Commissioner of Police, Hong Kong
- In office 16 April 1941 – 26 December 1942

Chief Police Officer, Selangor
- In office 25 March 1939 – April 1941

Chief of Singapore Detective Branch
- In office 2 July 1938 – 24 March 1939
- Preceded by: 1
- Succeeded by: John Dally

Chief Police Officer, Singapore
- In office 16 June 1938 – 2 July 1938
- Preceded by: Mervyn Llewelyn Wynne
- Succeeded by: Ewald Egerton Herbert Beck

Personal details
- Born: 1 January 1894 Nepal
- Died: December 2, 1977 (aged 83) South Africa
- Spouse: Jane Constance Alice Miller

= John Pennefather-Evans =

British colonial police officer (1894–1977)

John Pennefather Pennefather-Evans, or Tup, was a British colonial police officer who served for over 27 years in various police forces across British Malaya before the outbreak of the World War II. During his career, he served with the Federated Malay States Police, the Straits Settlements Police Force, and various services of the Unfederated Malay States.

Before the war, he served as the Chief Police Officer of Singapore.
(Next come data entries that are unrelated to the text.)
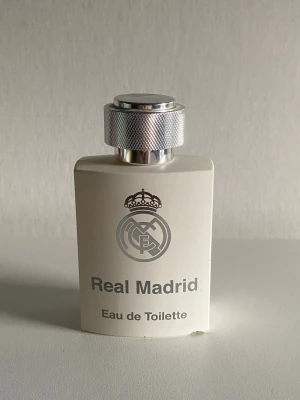 Real Madrid Eau de Toilette parfym - Snygg parfymflaska från Real Madrid i vit färg med silverdetaljer och klubbens logga på framsidan. Flaskan har en robust, fyrkantig form och ett stilrent metallock. Perfekt för dig som vill visa ditt stöd för laget och samtidigt dofta fräscht.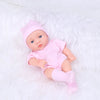 A realistic soft vinyl reborn baby doll wearing a pink outfit and hat, lying on white fluffy material.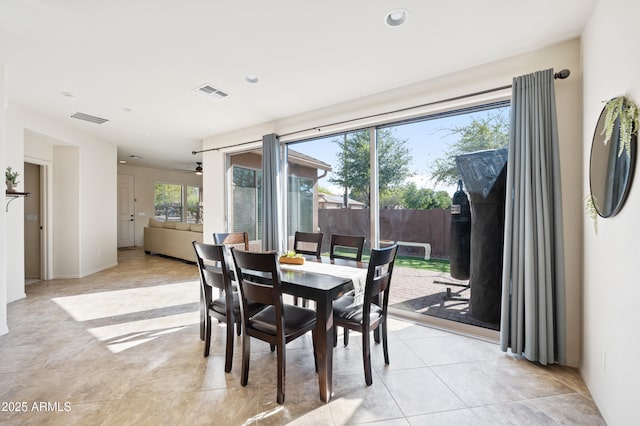 dining area featuring visible vents, recessed lighting, and light tile patterned flooring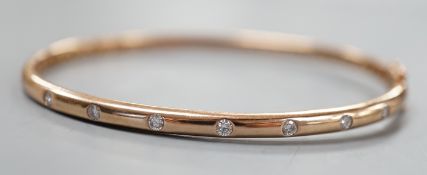 A modern 9k and nine stone gypsy set diamond hinged bangle, interior diameter 60mm, gross weight 9.3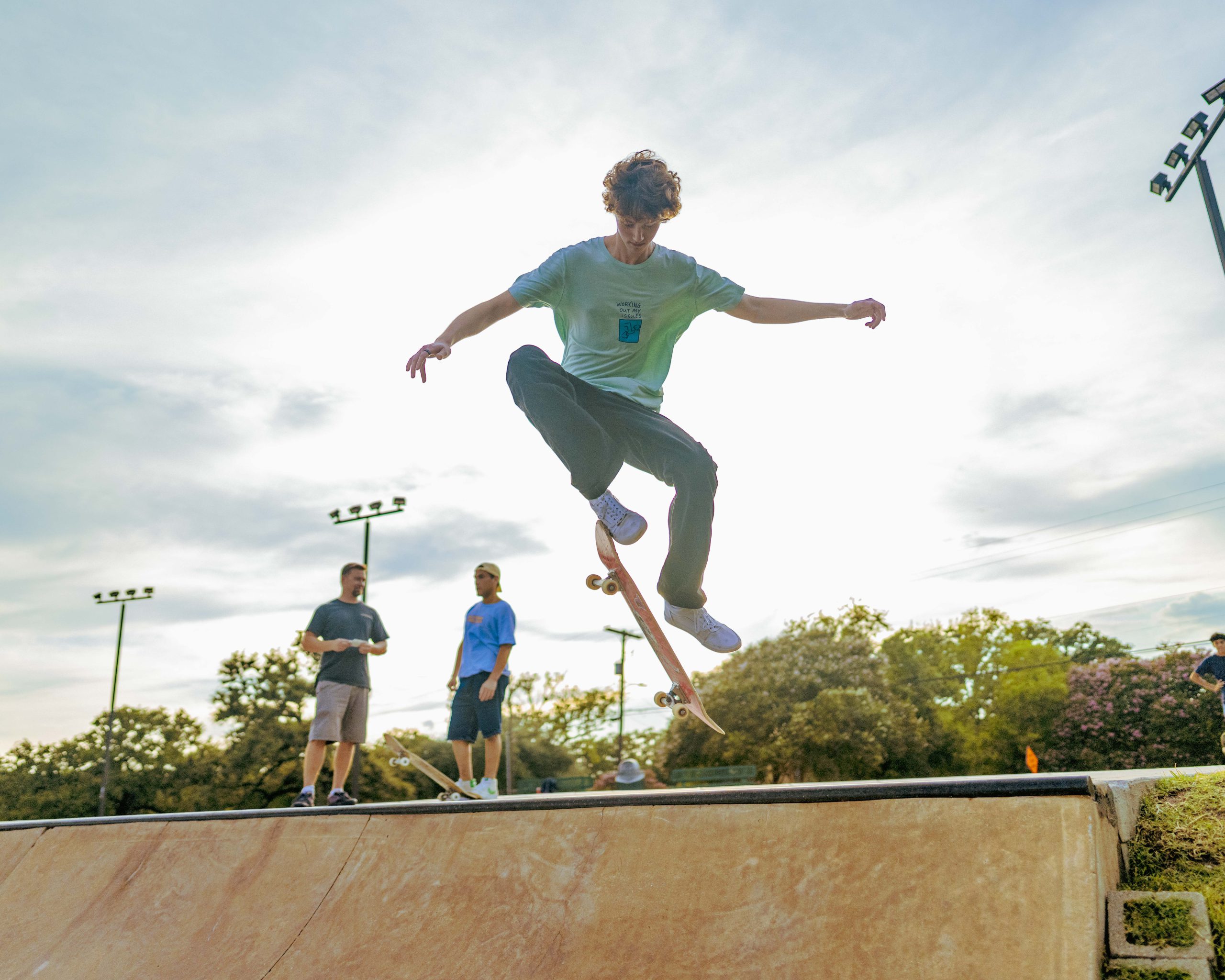 Photo of skateboarder doing a trick mid-air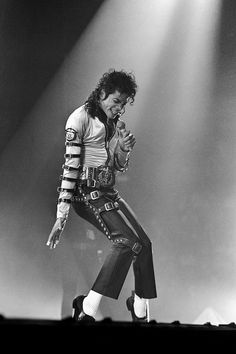 michael jackson performing on stage with his hands in the air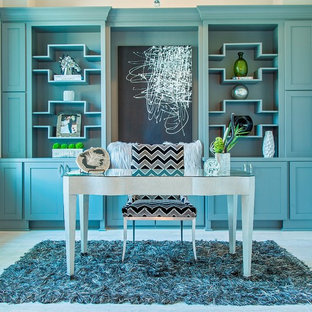 Photo of a large modern study in Houston with blue walls, no fireplace, a freestanding desk and porcelain flooring.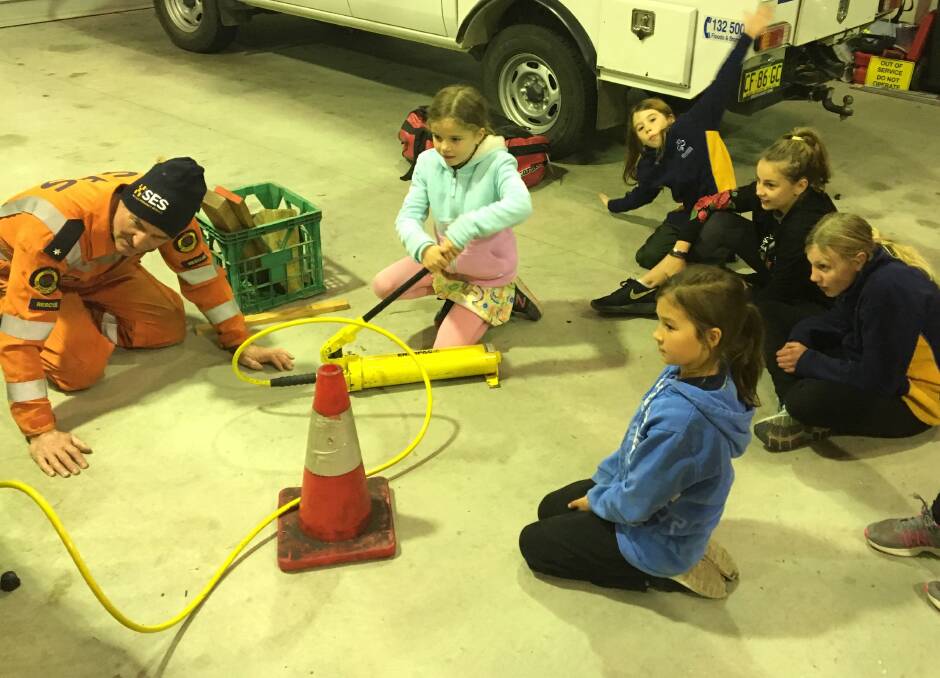One of the Girl Guides uses a hydraulic jack to lift a vehicle, while the rest of the group watch avidly.
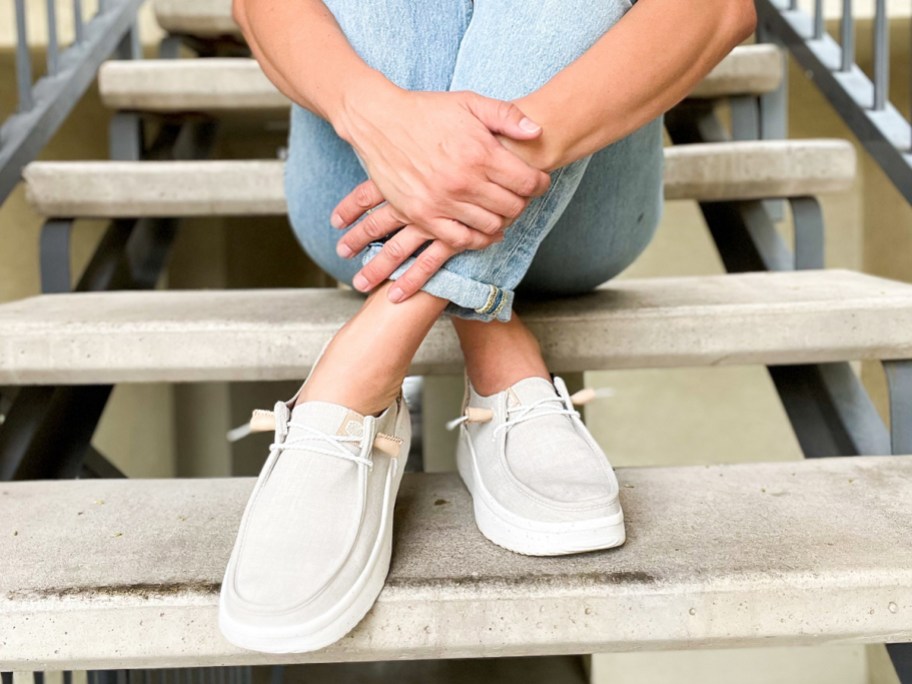 woman sitting on stairs wearing jeans and hey dude shoes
During the Battle of Hong Kong, he was appointed Commissioner of Police for Hong Kong. Following the Japanese occupation, he was interned at Stanley Internment Camp. After the war, he returned to Singapore and served as the Colony of Singapore's Commissioner of Police.

== Early life ==
John Pennefather-Evans was born in Nepal in 1894 to Granville Pennefather-Evans and Grace Woodburn Hennessy, who had married in Dacca, Bengal, in 1893. His father, Granville, was an officer in the Indian Army and received his commission in 1890. John was one of three brothers. His younger brother Humphrey was born in Benares, India, in 1896, while his brother Brian was born in London in 1897. In 1901, the three brothers were living in Wimbledon under the care of a governess.

In 1911, John attended a boarding school in Fleetwood, Lancashire, together with his brother Humphrey.

== Career ==

=== Federated Malay States Police ===
In 1914, he entered into the Federated Malay States Police as a police probationer. In 1918, he was promoted to Acting Chief of Police.

In 1921, he was appointed Adjutant at the Federal Headquarters of the FMS Police in Kuala Lumpur.

In 1924, he took command of the FMS Police Training Depot for two years.

Later, he was promoted to Superintendent of Police in Taiping, Perak.

In 1931, he became Acting Commissioner of Police for Kedah.

=== Straits Settlements Police Force ===
In 1932, he became a Superintendent of Police in Singapore for the Straits Settlements Police Force.

In 1933, he was promoted to Commandant of the Singapore Police Training Depot.

In 1935, he was made the Director of Special Branch.

In 1938, he became the Acting Chief Police Officer, Singapore.

In 1939, he was made Director of the Detective Branch at Singapore.

Later in 1939, he became Chief Police Officer, Selangor.

=== Hong Kong Police ===
In January 1941, while Pennefather-Evans was on leave in England, his announcement as the Commissioner of Police for Hong Kong was made. He did not officially take up the position until his return to Asia in the Spring of that year.

He was serving in this capacity during the Battle of Hong Kong.

After the Kempeitai took over the police, Pennefather-Evans was interned at Stanley Internment Camp.

=== Singapore Police Force ===
In 1951, Pennefather-Evans was made Commissioner of Police for the Colony of Singapore. He retired in 1952.